* Stored data
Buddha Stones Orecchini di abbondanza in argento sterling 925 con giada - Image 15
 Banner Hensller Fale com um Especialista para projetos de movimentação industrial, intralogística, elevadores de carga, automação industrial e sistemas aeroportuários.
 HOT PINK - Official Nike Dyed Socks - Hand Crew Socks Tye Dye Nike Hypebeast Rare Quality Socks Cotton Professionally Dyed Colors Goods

* Instructions to follow
Across the whole listing, every line must be copied exactly.

* Your response
Buddha Stones Orecchini di abbondanza in argento sterling 925 con giada - Image 15
 Banner Hensller Fale com um Especialista para projetos de movimentação industrial, intralogística, elevadores de carga, automação industrial e sistemas aeroportuários.
 HOT PINK - Official Nike Dyed Socks - Hand Crew Socks Tye Dye Nike Hypebeast Rare Quality Socks Cotton Professionally Dyed Colors Goods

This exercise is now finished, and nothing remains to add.